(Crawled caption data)
______

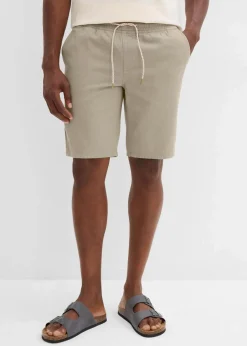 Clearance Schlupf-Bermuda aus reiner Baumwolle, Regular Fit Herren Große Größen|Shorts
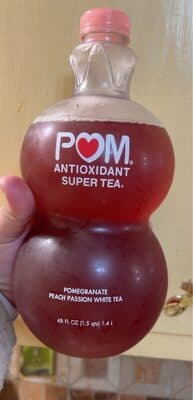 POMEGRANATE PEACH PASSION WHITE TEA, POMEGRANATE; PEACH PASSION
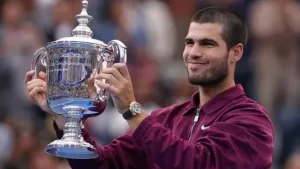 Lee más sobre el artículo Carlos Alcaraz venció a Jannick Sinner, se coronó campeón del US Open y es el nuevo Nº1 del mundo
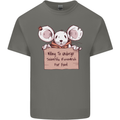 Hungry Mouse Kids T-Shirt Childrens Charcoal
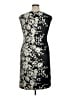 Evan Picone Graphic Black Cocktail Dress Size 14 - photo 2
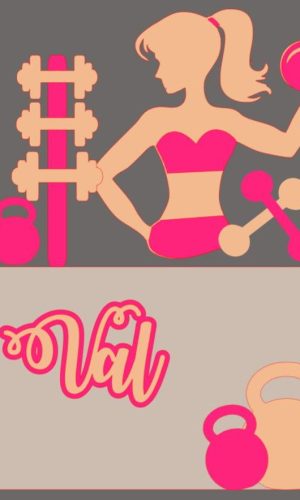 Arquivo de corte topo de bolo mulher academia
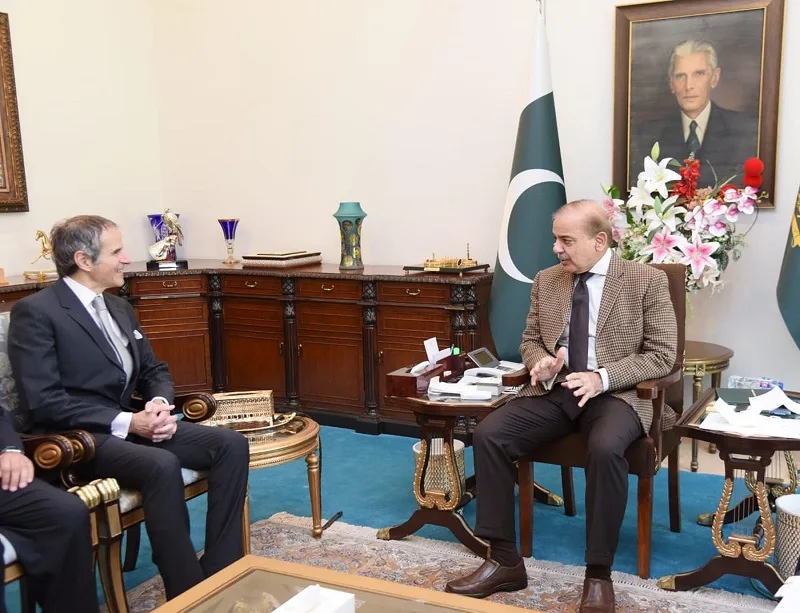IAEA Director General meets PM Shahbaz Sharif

______

• Problem to work on: In the data above, take the line with "POMEGRANATE PEACH PASSION", the line with "Hungry Mouse Kids T-Shirt Childrens Charcoal", and every line between, and set them down exactly without pictures.

• Your response:
 POMEGRANATE PEACH PASSION WHITE TEA, POMEGRANATE; PEACH PASSION
 Lee más sobre el artículo Carlos Alcaraz venció a Jannick Sinner, se coronó campeón del US Open y es el nuevo Nº1 del mundo
 Hungry Mouse Kids T-Shirt Childrens Charcoal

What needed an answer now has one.